TRY IT, YOU WON'T REGRET IT!!!

_____________________________________________

...and in that fashion it can get complex:
lets say you want to search for any sequence of tags for HTML table cell

<td any parameters>anything<a href=anything>anything</a>anything</td>

you don't have to perform magic for this one with the lazy quantifiers,
just remember that instead of * (as in non-regexp filters, searches) you should use .*?

so you can imagine it with the 'stars' first just like

<td*>*<a href=*>*</a>*</td>

the seqence in regexp is simple then

<td.*?>.*?<a href=.*?>.*?</a>.*?</td>

Nice!

I've got this from a genious chm help file called SAMS - Teach Yourself Regular Expressions in 10 Minutes - 2004.

Post by *petermad » 2004-11-10, 18:16 UTC

Sounds very interesting - and where can one get hold of SAMS

ford prefect · Post by *ford prefect » 2004-11-10, 18:33 UTC

Well, I shouldn't be mentioning but SAMS - Teach Yourself Regular Expressions in 10 Minutes is actually a good old fasioned paper book
http://www.samspublishing.com/title/0672325667
and the "electronical" version I've got is... let's just say... not offical.

And for the record, Since I always "DO NOT" look in the TC manual the LAZY or as written there the non-greedy operators are mentioned there too, I just didn't notice for the first time when I studied it.
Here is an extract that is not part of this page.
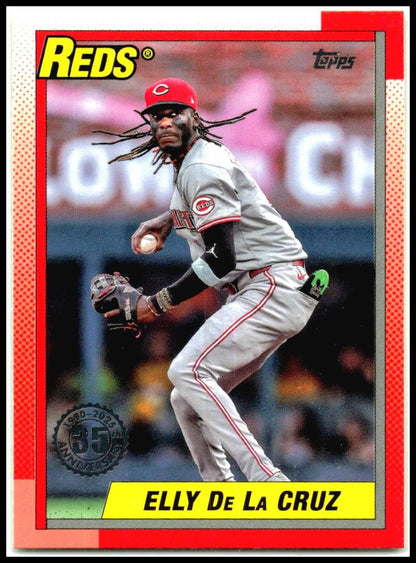 2025 Topps 1990 Topps 35th Anniversary #T90-20 Elly De La Cruz Reds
So this is also a nice example that you should ALWAYS look in the manual

yxz11 · Post by *yxz11 » 2004-11-15, 02:59 UTC

Here is a very nice tutorial for RE:

http://www.regular-expressions.info/tutorial.html

The syntax is a bit different than what TC used, above tutorial talks about PCRE. I think this is the library TC used and here is the help:

http://regexpstudio.com/TRegExpr/Help/RegExp_Syntax.html

And here is another site have information about RE:

http://www.regularexpression.info/

To master RE, Jeffrey Friedl's book is a good read:

http://www.oreilly.com/catalog/regex2/

Spending time on learning RE is one of my best investment.